I want Eliza to define her life by the things she can do instead of the things she cannot do. I want her to remember that she enjoyed a vacation because she was in a beautiful new place and not whether she was able to eat the local food on that vacation. I want Eliza to remember her life for the words she could say instead of the things she could not say. I want Eliza to remember her experiences by the sensations she enjoyed instead of by the things she had to avoid.

I think the best way for me to help Eliza enjoy her life is for me to accept that I have been deeply changed by this experience and that Eliza is different than her typical peers. Once I can do that, I can let myself enjoy the things Eliza can do and will do and not to fixate on the things Eliza may not be able to do.

That almost sounds like a New Year's resolution, now doesn't it?

And no post would be complete without a few snapshots of Miss Eliza:


MamáChanga said...

You manage to put into words what I'm sure many of us cannot express so gracefully. I am beyond thankful for my blessings, but have learned to understand that there are very few others that actually get it.

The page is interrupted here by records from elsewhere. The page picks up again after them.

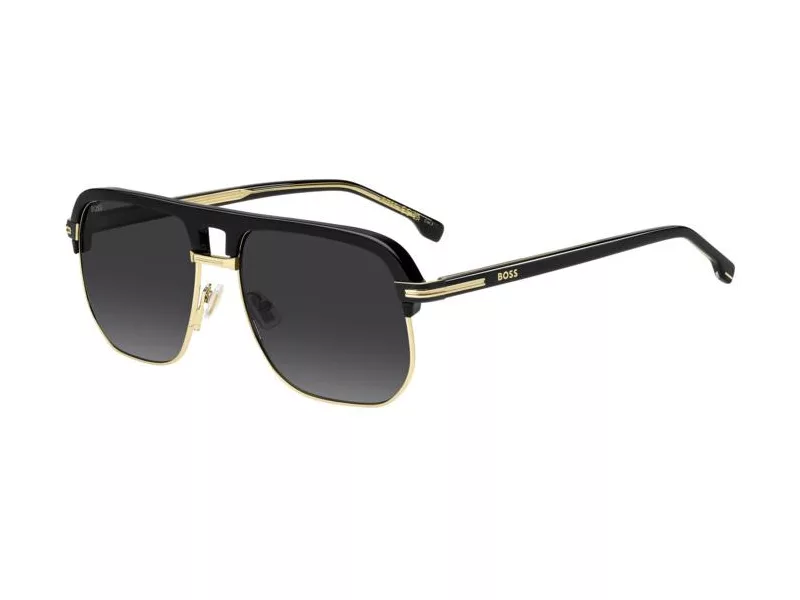 Hugo Boss Sunčane Naočale HB 1752/S 2M2/9O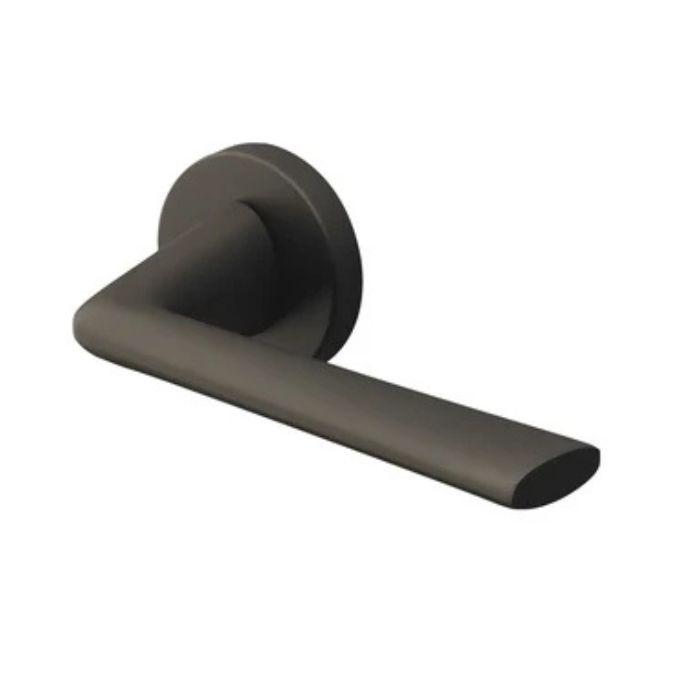 Door handle Manital Pipe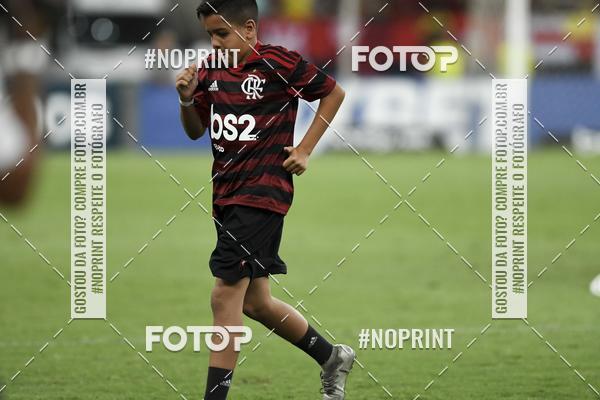 Buy your photos of the eventFlamengo x CSA  Maracan  - 27/10/2019 on Fotop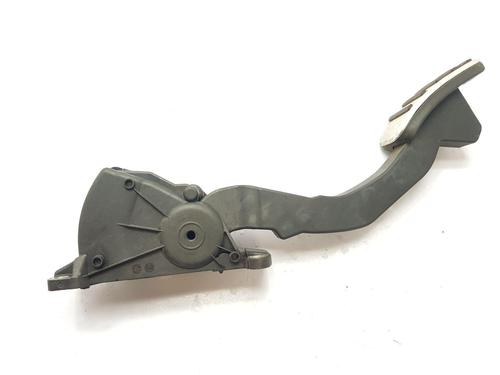 Used Pedal VOLVO V50 (545) 2.0 D (136 hp) 28104893
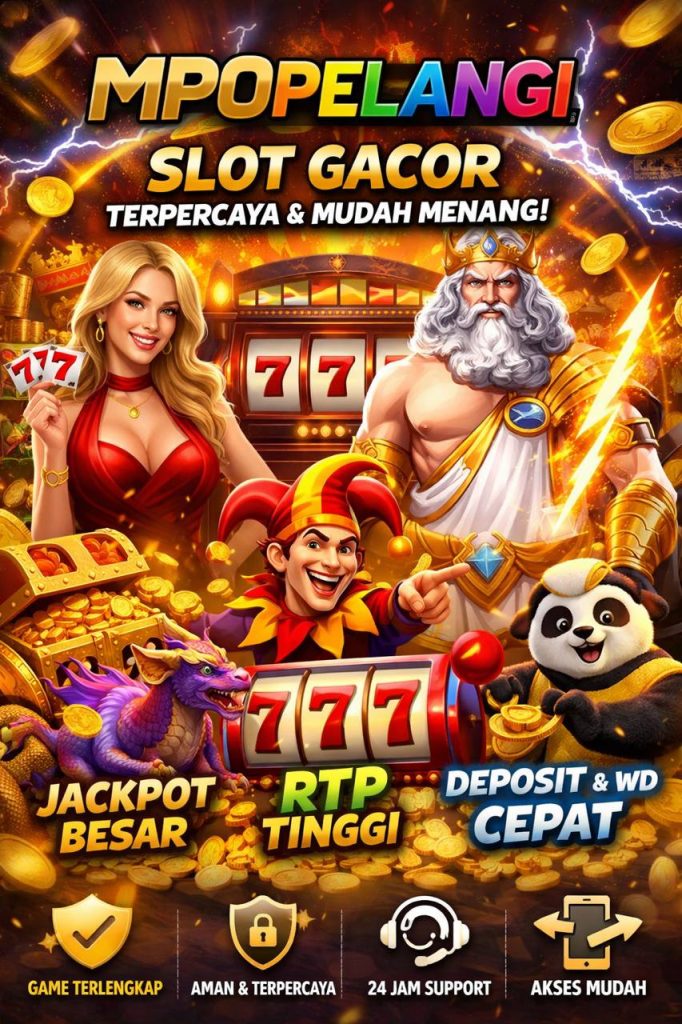 slot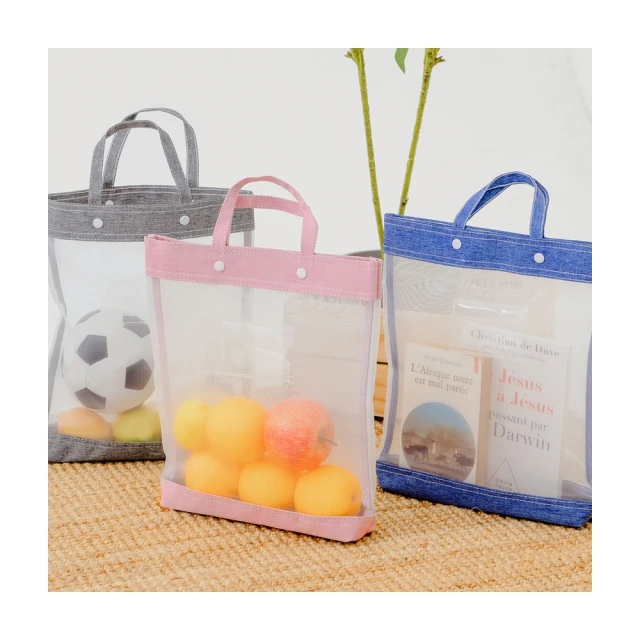 【OB 嚴選】大容量簡約軟皮手提雙肩後背包 《YA481》 歷史價格詳細信息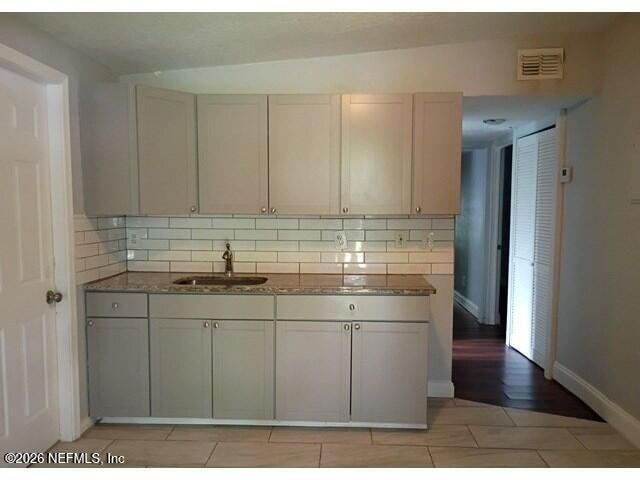 4120 SANTEE Road, Jacksonville, FL 32209
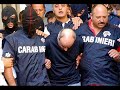 Gomorra,Roberto Saviano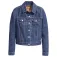 Levi´s ® Chaqueta Original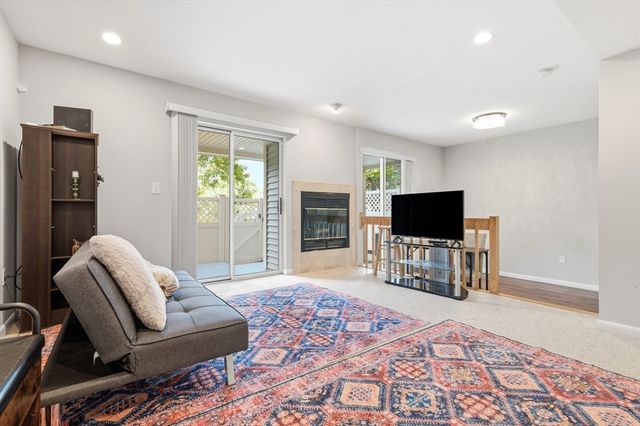 200 Falls Blvd A105, Quincy, MA 02169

Happy New Years! That Eliza sure is a cutie pie (enjoy your "moments").

Hugs & Blessings!

Tiffany said...

I completely agree. I recently got very frustrated with people apologizing to me for Chloe's sensory issues. As soon as I mention that they are looking at Autism for one of the possible issues, people say they are sorry? Sorry for what? I love my daughter as she is, and I feel that she is a miracle. There were to many close calls to not appreciate what I have with my daughter now. All I can do is thank God for the time I have had and will continue to have with her, and trust that feeling I have inside of myself.

Sarah said...

I've had those 'thoughts.' I wish I didn't have them either. Every time someone tells me about their 36-week preemie I struggle not to roll my eyes. It's getting better as time goes one.

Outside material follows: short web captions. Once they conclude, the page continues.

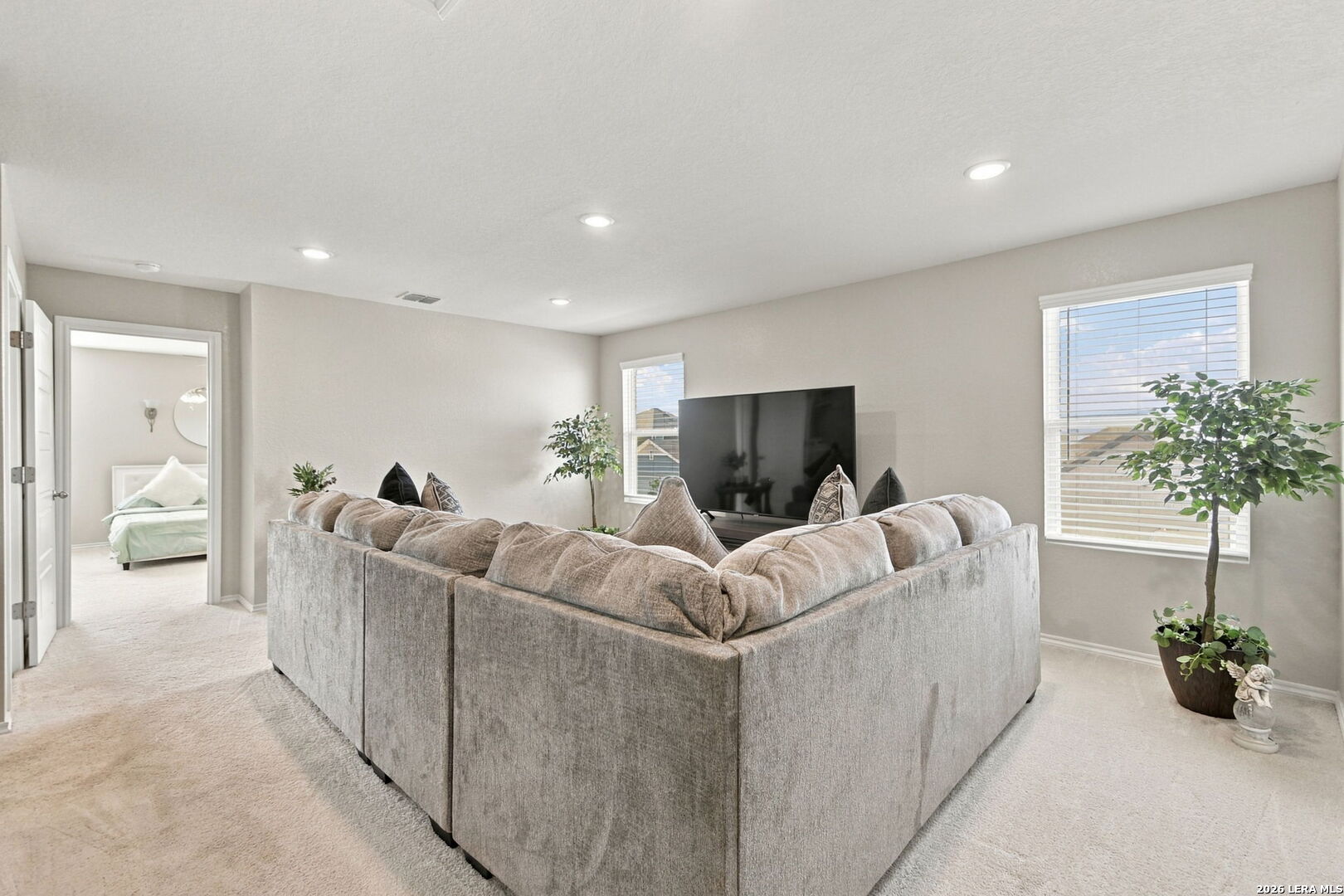 8650 Eagle Hill Meadow San Antonio TX 78222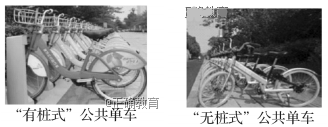 www.xiangpi.com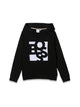 Boss Hoodie
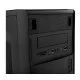 Персональный компьютер Expert PC Basic (I5400.08.S2.INT.A647)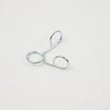 Washer Hose Clamp DC61-70029C
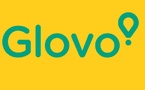 Glovo se positionne comme partenaire stratégique des banques au Maroc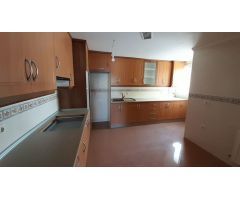 Piso en Venta en Roda (La), Albacete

I, too, found no comfort in those glib comments. One friend went so far as to say that if Emery died it was because God was keeping him from something worse in the future.

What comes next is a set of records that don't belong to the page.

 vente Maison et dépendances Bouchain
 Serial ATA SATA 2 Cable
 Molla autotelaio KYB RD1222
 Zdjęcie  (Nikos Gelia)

As always, you say these things far better than I. Hope today was okay :)

Robin Elizabeth said...

I'm not quite there yet but I'm trying. It's not an easy place to get too but I am confident I will!
Eliza is awfully cute!

Natalie and Abigail said...

That's just beautiful Anne. Amen.

Jodi said...

I've had those same thoughts and it makes me feel like an awful person. I was in Babies R Us the other day watching all of the happy, joyous parents to be. It should be a joyous time. No one should have to go through what we went through. It just doesn't seem fair. It does change you. . .not always for the better. Thinking of you!

Anonymous said...

You have a wonderful way with words! I wish you could be a spokesperson for parents of premature babies! Why don't we ever hear stuff like what you have to say on shows like Oprah?! You say what we have all felt!!

Emily said...

I smile as I read this because these are MY thoughts almost on a daily basis. I am a mother of 7 month old twin boys who were born in April at 27 weeks. I got/get so sick of the "everything happens for a reason" and the "you're strong", and the fact that NO ONE understands except for other preemie parents. However, I keep it all to myself and wonder when I will ever feel differently. Hopefully someday I will also be raising "children" rather than "preemies".

Preemie Miracle said...

I love this post. I have read it a few times and never commented but I really appreciate all your words in Group and in all you do. Preemie power for sure

MoDLin said...

Eliza is such a beautiful girl - you are truly blessed.

Thank you sharing the challenges and fears of preemie parents. Prematurity is such a huge issue that November is Prematurity Awareness Month. Thank you for helping the March of Dimes spread the word.